Category: Best news application

Country/area: India

Organisation: The Wire

Organisation size: Small

Publication date: 5 Mar 2019

Credit: Aditya Jain

Project description:

India, the world’s largest democracy, is a multi-party system. Dozens of parties compete with each other to form the government, and most national parties tie up with each other or smaller regional players to boost their chances of a win. Such tie ups can dramatically alter public sentiment and therefore the election. This interactive empowers the user to play around with the results of the 2014 general election, and to see how shifting alliances may impact the results of the 2019 election. The goal is NOT to predict the election, but to help users understand the possible impact of coalitions

Impact reached:

The interactive offers a deep dive into many prevailing terms and methods used by Indian psephologists, such as coalitions, percentage point change and vote swings. A lot of feedback recieved expressed gratitude for clearly documenting the methods used, and for an articulate visual explanation of phenomnenon that was being popularly discussed by the media ecosystem at that point of time. The interactive also offers a hexmap of the indian ‘electoral college’ that is unprecedented for an ecosystem that still mostly relies on land-area maps. This hexmap was open sourced and shared with members of the indian news community to remix and use.

Techniques/technologies used:

Python and Node were used to scrape and consolidate the data from the Election Commision of India’s website.

CSV spreadsheets were used to validate the data

The Adobe Suite, d3.js, and Observable were used to construct the hexmap

Vue.js supplmented by dozens of libraries including d3.js, was used to build the app itself

What was the hardest part of this project?

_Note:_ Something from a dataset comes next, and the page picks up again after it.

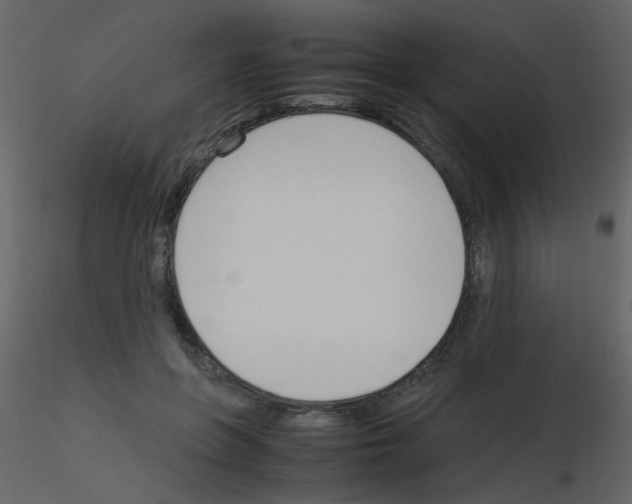 X0000115760551200912241731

One of the hardest parts of this interactive was non-technical research into prevailing methods of psephology in India, such as vote swings. These methods are popularly used but rarely documented so it is hard for a non-psephologist to replicate a psephologist’s findings. After a lot of work we found a process documented offline, refined it and used it to make the interactive itself. The most important part of the interactive is that we document our method at the end of this interactive—for transparency and posterity.

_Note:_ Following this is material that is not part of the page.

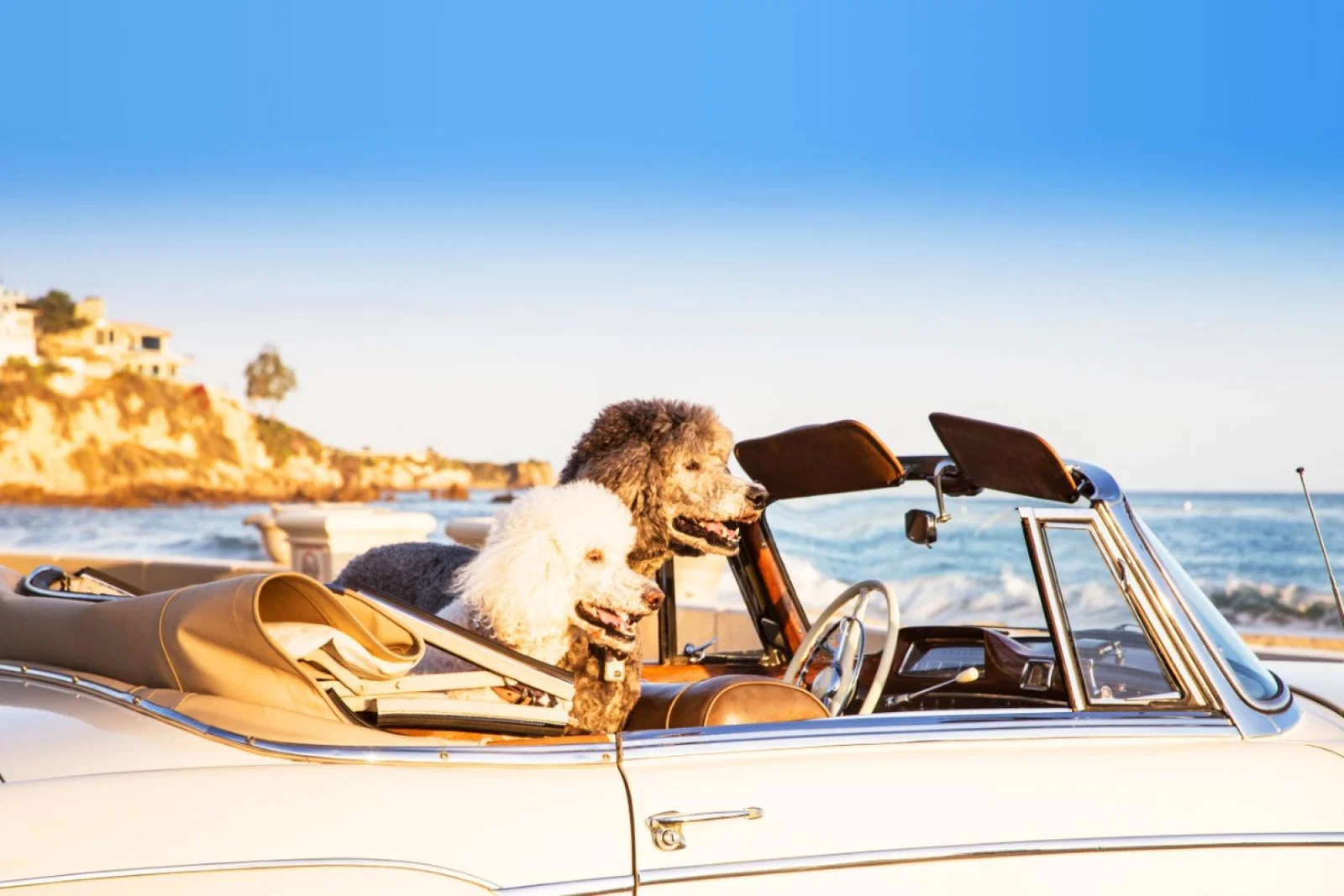Dog-loving agents can make their passion for pooches pay with PetsPyjamas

The hexmap was also built painstakingly and manually, by consulting the electoral map of india at each turn and manipulating hextiles in the Adobe suite. All this hard work was open sourced to the community for the betterment of the ecosystem.

What can others learn from this project?

Learning is the raison d’etre of this project. We hope that, through the medium of articulate visual journalism, this project enables a better understanding of the complex workings of the Indian democratic system as well as the prevailing methods in Indian psephology. We believe in the power of learning through playing, and towards that end, the visual interactions in this game reflect immidiate colorful changes. The user is fully engaged in this learning process and is encouraged to play around and experiment.